Le donne scendono in piazza per rivendicare un piano straordinario per l’occupazione femminile con norme mirate a contrastare i part time involontari, il lavoro povero, le dimissioni post maternità, la discriminazione in ingresso nelle tipologie contrattuali di assunzione e nei percorsi di carriera. Per chiedere di ripristinare e rinforzare sia le clausole di condizionalità, estendendo la riserva anche a tutti i finanziamenti pubblici e privati, che gli strumenti di certificazione della qualità e quantità del lavoro delle donne nelle aziende.

Già penalizzate da carriere discontinue e retribuzioni più basse, le donne hanno mediamente assegni pensionistici più bassi e raggiungono più tardivamente i criteri d’accesso alla pensione. Peggiorando i criteri di “opzione donna”, rendendola ancora più penalizzante e discriminante tra chi ha figli e chi no, e non recependo le richieste formulate nella piattaforma unitaria sulla previdenza, a partire dal riconoscimento del lavoro di cura ai fini previdenziali, il Governo Meloni aggrava la condizione.

Le donne scendono in piazza per superare la Legge Fornero e introdurre il riconoscimento del lavoro di cura e misure di riequilibrio per tutte le penalizzazioni che le riguardano.

Il Governo Meloni colpisce l’autodeterminazione delle donne anche attraverso alcuni disegni di legge per riconoscere i diritti civili all’embrione, che noti esponenti di partiti di maggioranza hanno scelto di incardinare nella discussione al Senato.

Le donne scendono in piazza per garantire la libera scelta di ognuna, per limitare il fenomeno dell’obiezione di coscienza e l’accesso all’IVG sicura, anche con il metodo farmacologico, nel pieno rispetto delle linee guida del Ministero del 2020.

Il Governo Meloni taglia la sanità, indebolendo ulteriormente quella di prossimità e i consultori e, di conseguenza, vanifica la Medicina di genere che si pone l’obiettivo di prevenire e curare le diffuse patologie che colpiscono le donne, nonché di migliorare la salute riproduttiva.

Le donne scendono in piazza per chiedere maggiori investimenti in sanità e per l’assunzione del personale, drammaticamente sottodimensionato.

Il Governo Meloni non investe adeguatamente sul welfare per favorire la condivisione delle responsabilità famigliari e la conciliazione tra tempi di vita e lavoro: in particolare su asili nido, servizi educativi e di assistenza alle persone non autosufficienti.
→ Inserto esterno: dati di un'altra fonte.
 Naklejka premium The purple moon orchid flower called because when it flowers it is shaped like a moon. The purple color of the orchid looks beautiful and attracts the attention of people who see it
Le donne scendono in piazza per chiedere investimenti mirati perché, senza adeguati servizi pubblici, le donne continueranno a rinunciare al lavoro e a essere discriminate nell’accesso e nei percorsi di valorizzazione.

Il Governo Meloni decide di discriminare ulteriormente le donne del Mezzogiorno, già penalizzate dal punto di vista delle opportunità, attraverso l’autonomia differenziata.

Le donne scendono in piazza per chiedere investimenti adeguati a superare i troppi divari esistenti.

Il Governo Meloni discrimina ulteriormente le donne migranti, spesso vittime di violenze, gravi forme di sfruttamento e tratta, attraverso normative che si qualificano per il loro intento persecutorio nei confronti di chi fugge da condizioni di grave pericolo e privazioni; un esempio è il nuovo “decreto Cutro”.

Le donne scendono in piazza per chiedere di superare queste norme incivili e barbare.

Queste sono solo alcune delle ragioni per le quali le donne unite, consapevoli e determinate, scenderanno in piazza, in questa nuova stagione di mobilitazione, per il lavoro e i diritti. Per essere davvero “Protagoniste di una storia nuova”.